Put on a new roof? Great. The driveway needs new gravel. Power-washed the front facade? Awesome! The porch railing needs to be painted. Installed a new hot water heater? Ha! Ha! Your furnace is about to die.

It’s always something.

Because the whole picture of what needs to be done is just too depressing to take on all at once, I break it apart into sections — rooms really. One room at a time.

The bathroom was remodeled last year, so that’s one that can be checked off the list but for some time now I’ve had my own project: I am slowly re-making my kitchen.

The kitchen is easily my favorite room in the house. Coincidentally, it’s also the room that I probably spend the most time in.

You will find no stainless steel appliances, carefully wiped clean of smudges and fingerprints, or fancy cappuccino machines or Keurigs on my counter tops. And speaking of counter tops, mine are certainly not marble or granite or whatever the heck material is deemed “top of the line” nowadays.

I don’t want a sterile, industrial looking kitchen. Sure, it needs to be functional, but it should also be warm and homey and welcoming — not like the kitchens in magazine photos with nothing on the counter but a bowl of lemons and a single washcloth carefully folded and draped over the sink.

You walk into my kitchen and you can tell that someone cooks there.

The fridge is covered in kids drawings, concert ticket stubs, photographs and newspaper clippings — all secured with random magnets collected from various locations over the years. My counter tops are stained with coffee rings, Kool-aid powder and age.

A wooden rack, nailed to the wall, is overflowing with spices, dried herbs and bottles of differently flavored baking extracts and although there is plenty of counter space, much of it is occupied by canisters, cookbooks and cookie jars.

The walls are painted brick red in direct contrast to the authentic, vintage pressed-tin ceiling. Colored bottles and vases line the top of my cabinetry.

If my home had a heart, surely it would be the kitchen.

Not wanting to freak my husband out too much, I started small by gradually replacing the cabinet knobs and drawer pulls. Now, a normal person would probably just go to the hardware store and buy enough to switch them all out at once, but I have never been too keen to do things the “normal” way.
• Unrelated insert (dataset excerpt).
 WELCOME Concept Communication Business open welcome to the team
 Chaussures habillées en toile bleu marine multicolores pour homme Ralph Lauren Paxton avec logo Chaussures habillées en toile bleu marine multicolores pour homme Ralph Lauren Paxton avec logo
The problem I ran into when looking at all of the different cabinet knobs was deciding between the three different ones I liked. So I didn’t, I bought all three, took them home and installed them.

As it turned out, I liked the mismatched “look” so much that now, whenever I’m out at a hobby shop or thrift store or garage sale, I keep my eyes open for oddly shaped or unique drawer pulls. When I find ones I like, I bring them home and replace the boring old plain ones.

I have over a dozen now ranging in everything from a padlock (complete with key) to a wooden owl. Others include a globe, a stone carved like a dog’s head, deer antlers, an elephant, an iron fleur de lis, different polished stones and of course, a pair of crossed light sabers.

The idea behind my kitchen plan is simple: if nothing matches, everything matches. I have followed similar suit with my dishes, bowls and coffee mugs. Everything is in rich tones of deep blues, reds, browns and gold and no two pieces are the same.

I have the patchwork quilt of kitchens.

It’s not done yet, but I’m off to a decent start. Besides, with a decorating scheme like this, I’m not sure how you really know when you’re “done.” Things kinda just keep getting added to the mix.

In the meantime I’ll keep hunting down weird and obscure kitchen tools to hang on the walls, debate paint schemes for the cabinets with my husband and continue to try to sell him on the perks of having a floor covered in pennies and sealed in polyurethane. He’s not convinced.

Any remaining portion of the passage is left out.